In our 'Cover Your Ass' culture we are storing more unwanted data than ever, and it's costing a bundle – so what steps can we take to generate less and delete more?
Whoever identified the only certainties in life as death and taxes evidently lived in a pre-digital age, where another incontrovertible truth is that we are all creating and storing more data every year. In this digital age data can be 'archived' en masse and on the cheap – and it's turning us into a generation of pathological hoarders. The problem is getting worse, both because we are generating and retaining more and bigger data, and because we have less time and inclination to remediate the situation.
Research firm IDC estimates that 15 petabytes of new (perhaps 'additional' would be a better way to describe it) information is generated every day: for example, that 988 exabytes of data was generated in 2010 alone, and that demand for data storage capacity worldwide will grow at an average rate of almost 50 per cent every year through to 2014. Just how much of this data do we actually need to keep, and are we deleting it once it has served its purpose? Michael Robinson, vice president of marketing communications at storage hardware company GreenBytes describes current attitudes to data retention, in both business and personal environments, as the 'Cover Your Ass generation'.

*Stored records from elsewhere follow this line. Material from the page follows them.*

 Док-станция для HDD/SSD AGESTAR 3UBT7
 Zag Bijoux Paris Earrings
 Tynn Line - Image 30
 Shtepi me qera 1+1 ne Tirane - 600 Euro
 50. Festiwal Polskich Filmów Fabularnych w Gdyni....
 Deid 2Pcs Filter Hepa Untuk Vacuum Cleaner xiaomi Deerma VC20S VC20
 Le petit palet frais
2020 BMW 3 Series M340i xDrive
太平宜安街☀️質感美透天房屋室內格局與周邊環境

'We have become inherent hoarders of data – as long as you have a file why not keep it just in case,' Robinson says. 'You are not likely to delete something in case you might need it at some point, but 99 times out of 100, you don't need it.'
Why does everyone feel obliged store all this data? 'It's like mining for gold, there is a lot of dirt and rock, but people think if I look through it again maybe they'll find something,' thinks Arvind Krishna, general manager of information management at IBM. 'And with more and more mobile devices connected to the digital network, as well as data generated by sensors in machine-to-machine communications applications, the volume of data is increasing exponentially.'
Tony Reid, UK technical director at Hitachi Data Systems (HDS), estimates that 80 per cent of the data each of us generates ends up in a corporate network somewhere, and that the concept of capacity planning has become 'a thing of the past'.

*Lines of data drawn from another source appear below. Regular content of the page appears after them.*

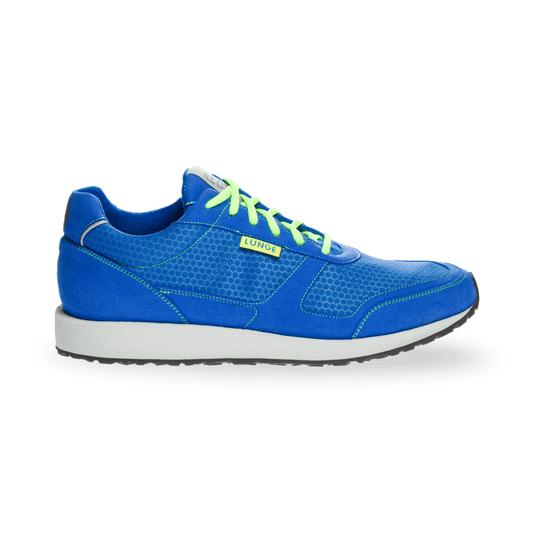 Classic Run S (Royal / Blue / Light Grey) (B-Ware)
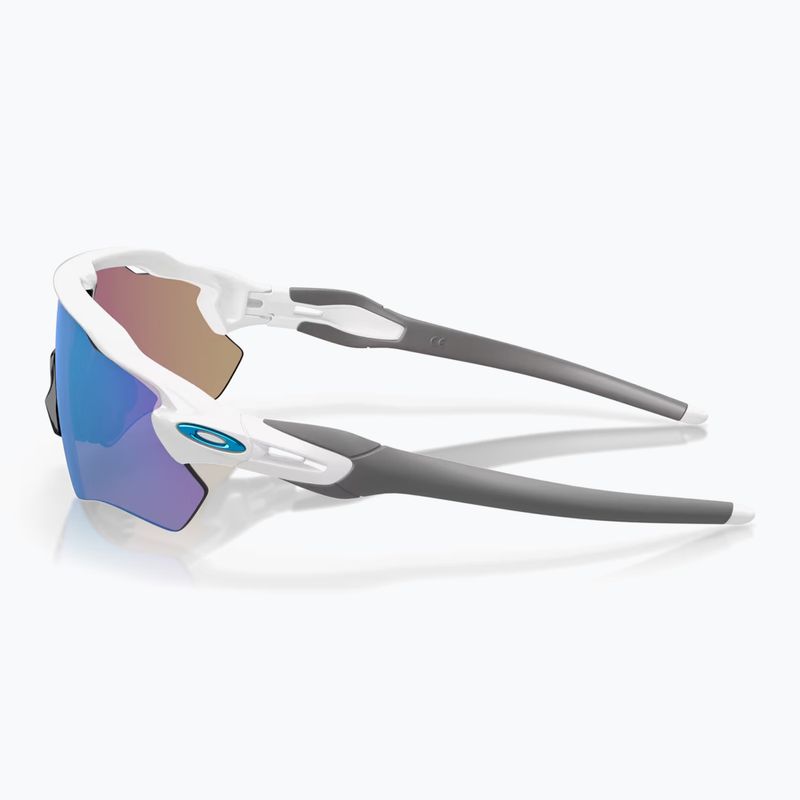 Слънчеви очила Oakley Radar EV Path polished white/prizm sapphire 8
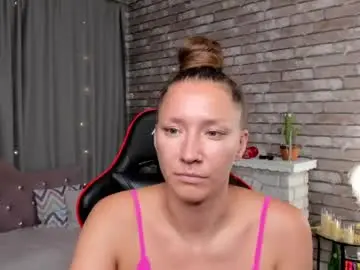 Chaturbate Best Webcam of mollynay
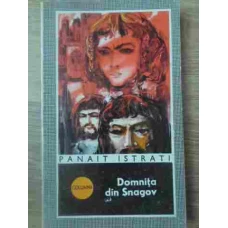 DOMNITA DIN SNAGOV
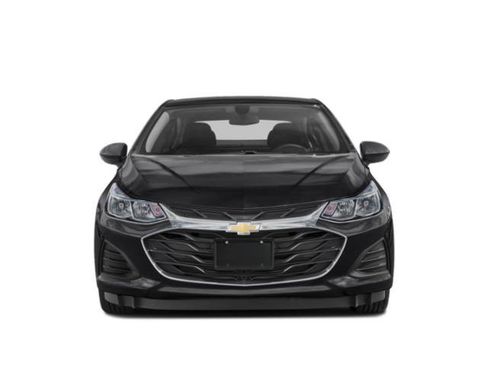 Used 2019 Chevrolet Cruze LT w/ Convenience Package FWD image 7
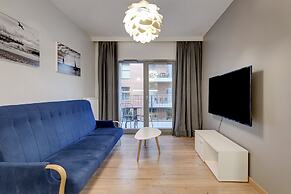 Grano Apartments Gdańsk Residence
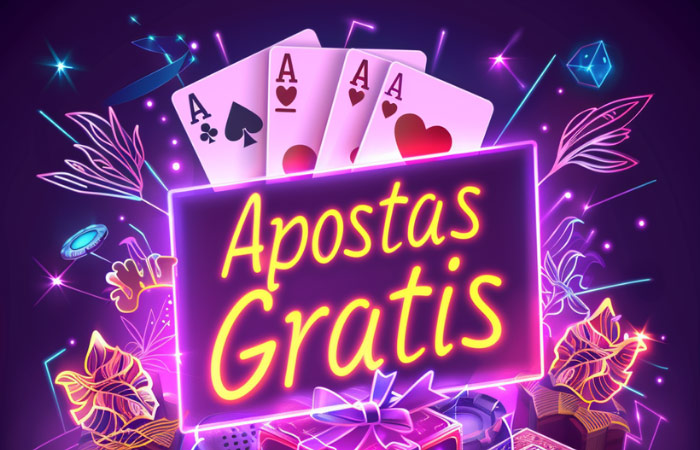 Apostas Grátis 1win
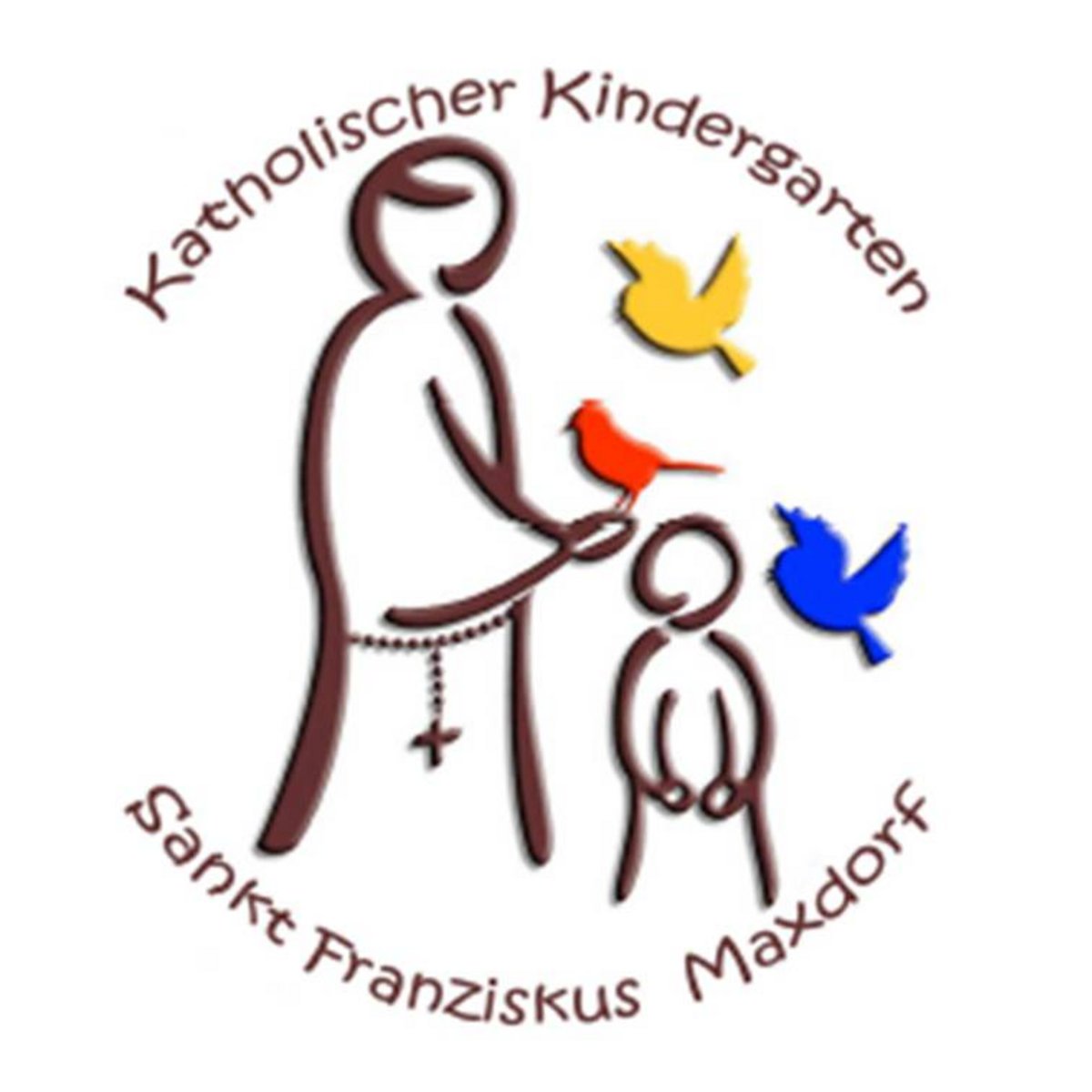 St. Franziskus - Maxdorf | Pfarrei Maxdorf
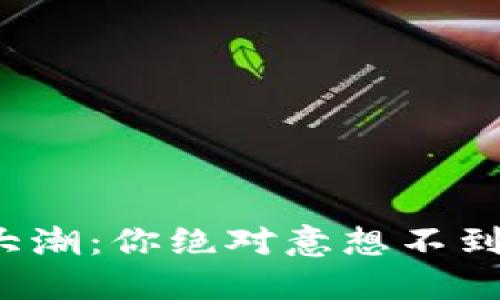 加密货币监管大潮：你绝对意想不到的挑战与机遇！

Another compelling factor fuelling that growth is server virtualisation – when you provide server virtualisation to a business unit, and they discover they can provision a virtual machine themselves along with network and storage within seconds, they tend to do it even for trivial things just because they can,' Reid reports. 'Data lifecycle management was important and commonplace eight or nine years ago, but it failed because it relied on business units to make decisions about the data they owned and that was difficult if not impossible for them to do. Now they rely on the infrastructure to make those decisions for them, if they need more performance or capacity, for example.'
Users 'cannot be trusted'
Individual end-users could reduce this volume of data themselves but it seems they can rarely be trusted to take proactive measures. Steve Blayze is the IT director at UK financial services firm Smith & Williamson. The company backs up about 15TB of data a week, and Blayze says few users delete anything from their mailbox or personal file spaces, where volumes can range from just a few megabytes to multiples of gigabytes. Since he has worked with the company – over ten years – it has never once deleted any data, retaining it just in case its end-users might need it in the future.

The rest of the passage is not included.